[Brief descriptive captions]
• • • • •
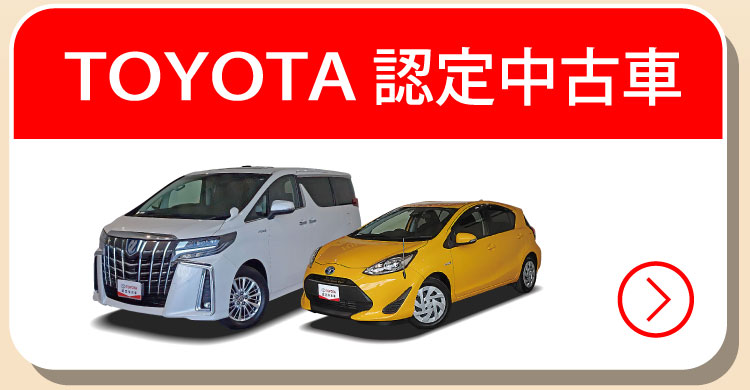 TOYOTA認定中古車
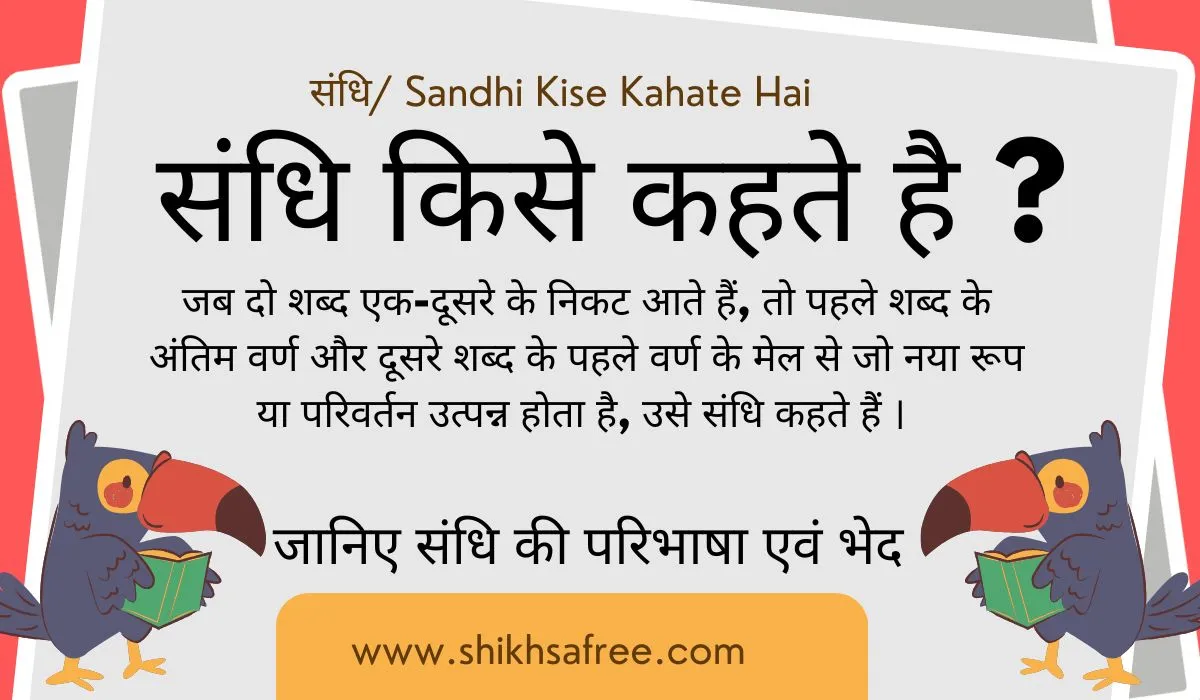 संधि किसे कहते है ?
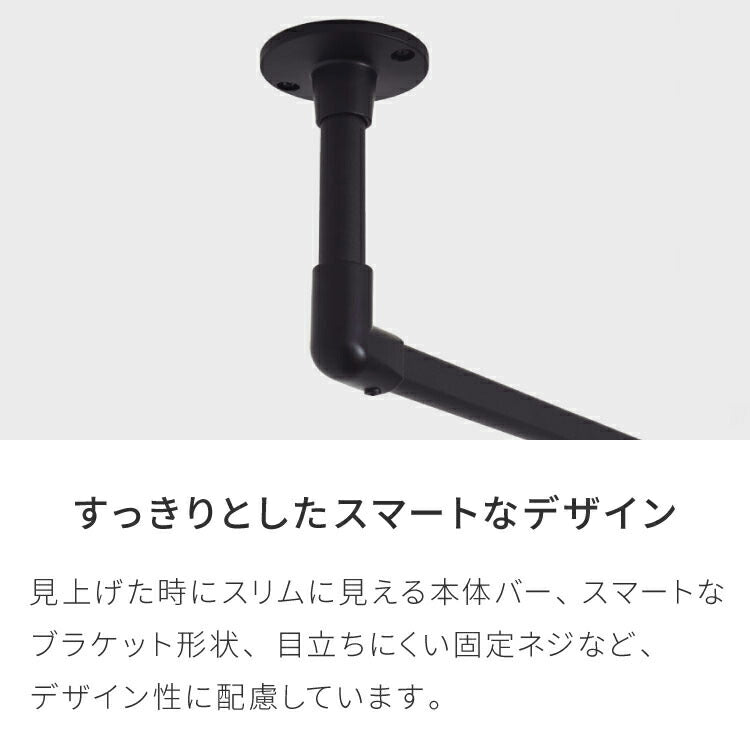 【TOSO】ハンギングバー オーダー 日本製 1cm単位オーダー対応 ブラック ホワイト 室内干し ディスプレイ 収納 吊り下げ ハンガーラック ハンガーパイプ ハンギングバー ウォールハンガー 壁掛け 天井付け(代引不可)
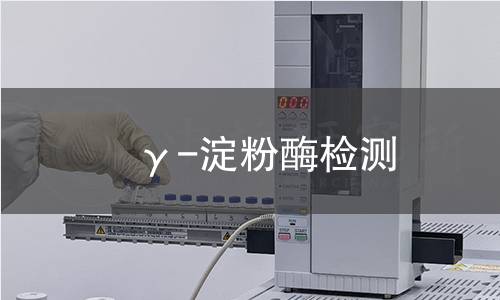 γ-淀粉酶檢測 γ-淀粉酶檢測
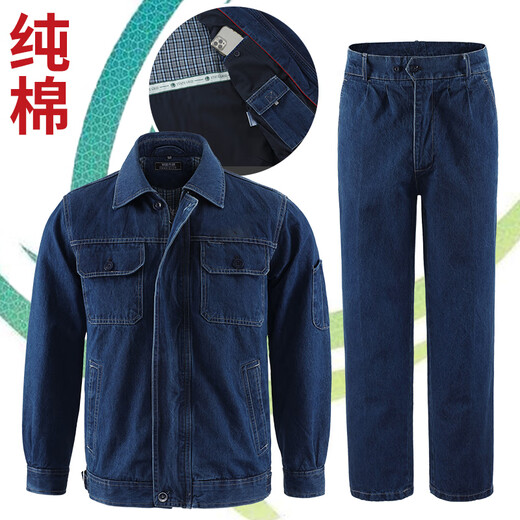 Banggu Yipin traje de ropa de trabajo de mezclilla de algodón puro para hombres Ropa de trabajo de electricista de State Grid Traje de seguro laboral engrosado de doble capa Gansu 5010 Traje de mezclilla engrosado de doble capa de algodón puro con etiqueta M / 165
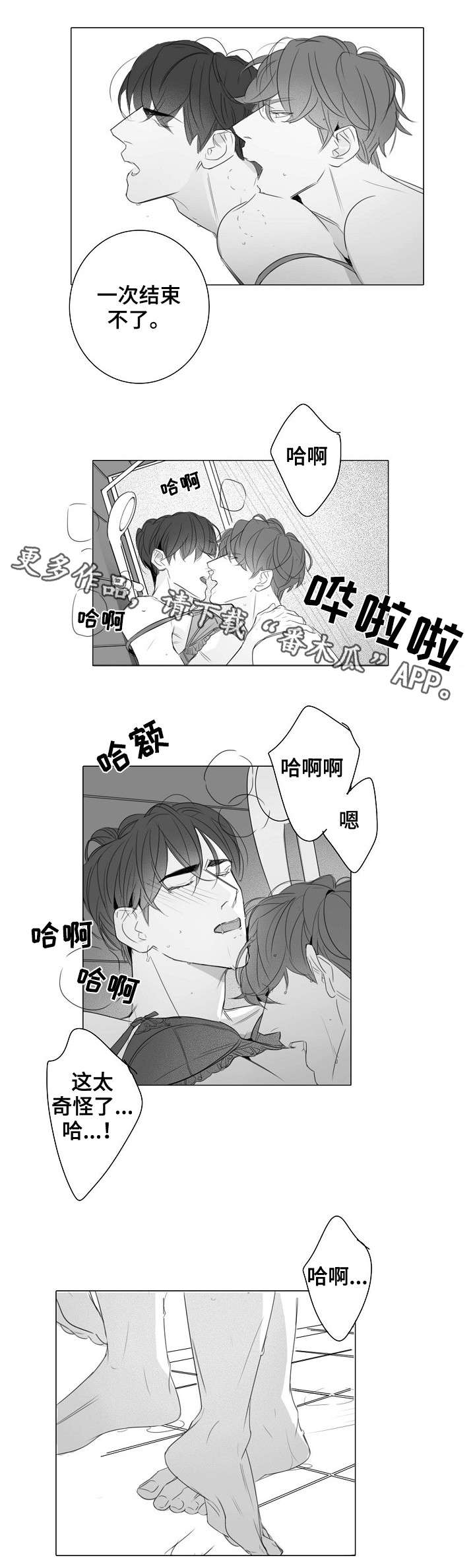 第33章：无力4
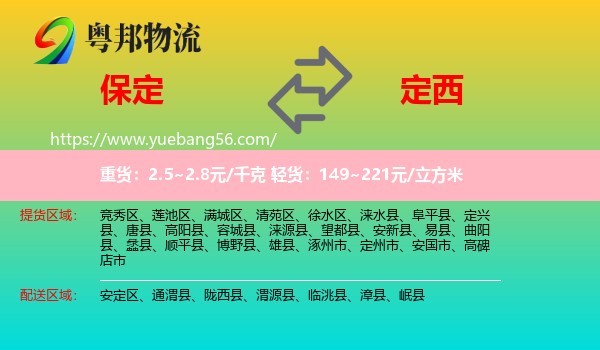 保定到定西物流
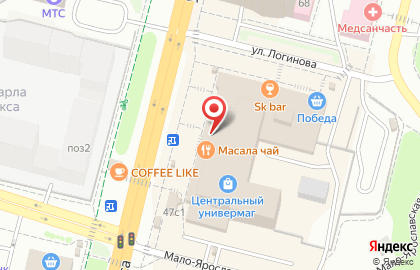 Магазин мебели и товаров для дома Сэлдом на улице К.Маркса на карте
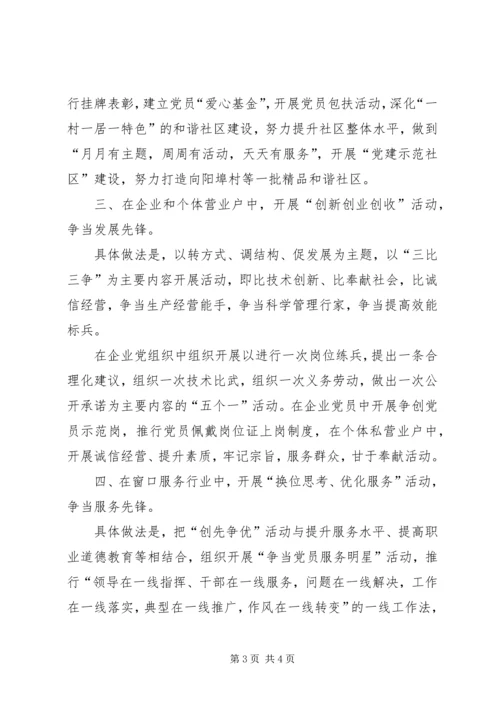 城西街道关于进一步“深化争先创优,争当五个先锋”活动实施意见.docx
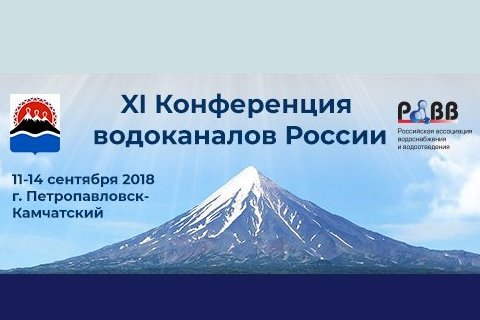 XI Конференция водоканалов России: на пути к экологической трансформации водного хозяйства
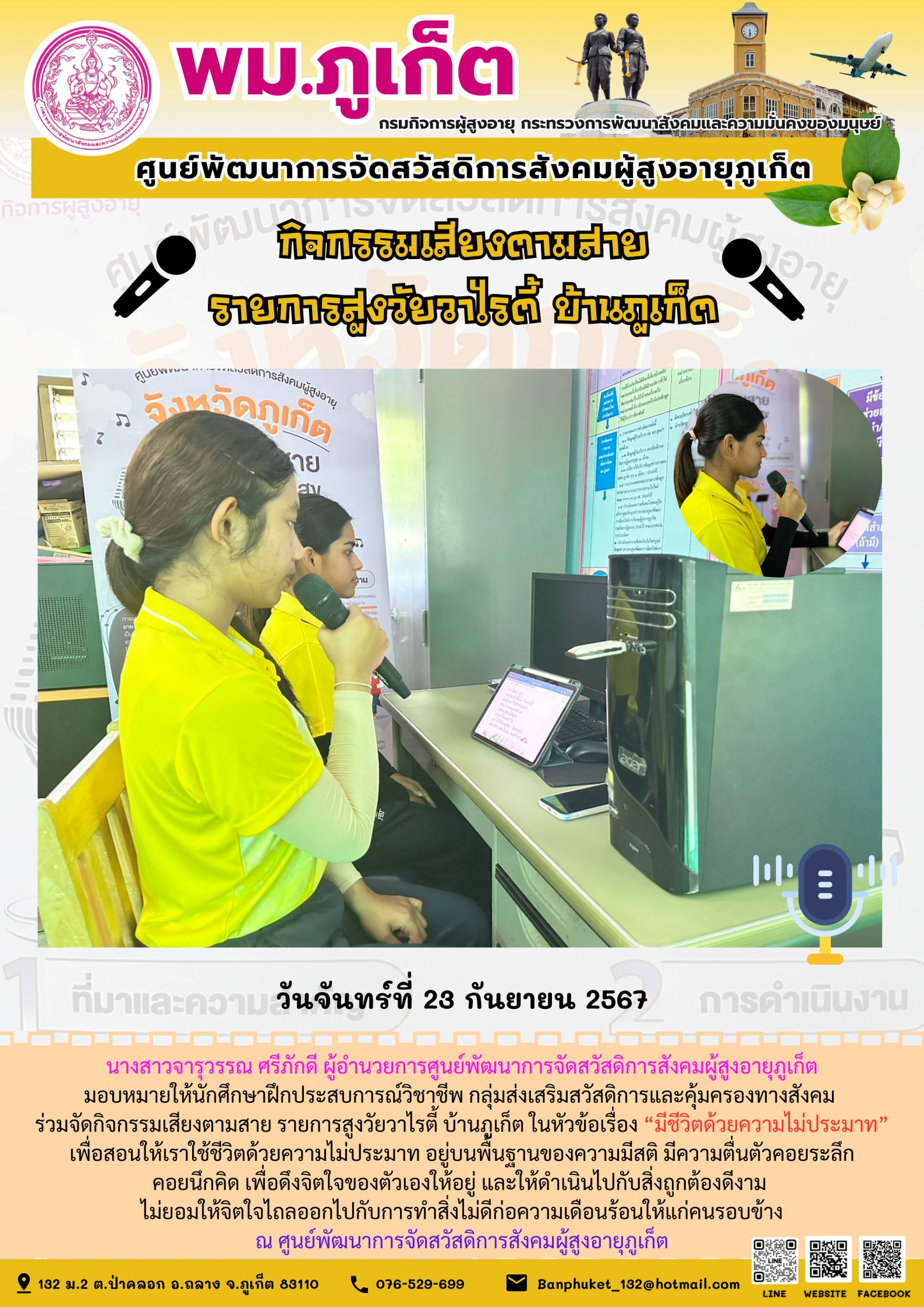 กิจกรรมเสียงตามสาย รายการสูงวัยวาไรตี้ บ้านภูเก็ต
• • • • •
Every line from the one with "Banggu Yipin traje" through the end of the records above belongs in the answer, copied exactly; no picture does.

[Completed task]
 Banggu Yipin traje de ropa de trabajo de mezclilla de algodón puro para hombres Ropa de trabajo de electricista de State Grid Traje de seguro laboral engrosado de doble capa Gansu 5010 Traje de mezclilla engrosado de doble capa de algodón puro con etiqueta M / 165
 第33章：无力4
 保定到定西物流
 Магазин мебели и товаров для дома Сэлдом на улице К.Маркса на карте
 城西街道关于进一步“深化争先创优,争当五个先锋”活动实施意见.docx
 XI Конференция водоканалов России: на пути к экологической трансформации водного хозяйства
 กิจกรรมเสียงตามสาย รายการสูงวัยวาไรตี้ บ้านภูเก็ต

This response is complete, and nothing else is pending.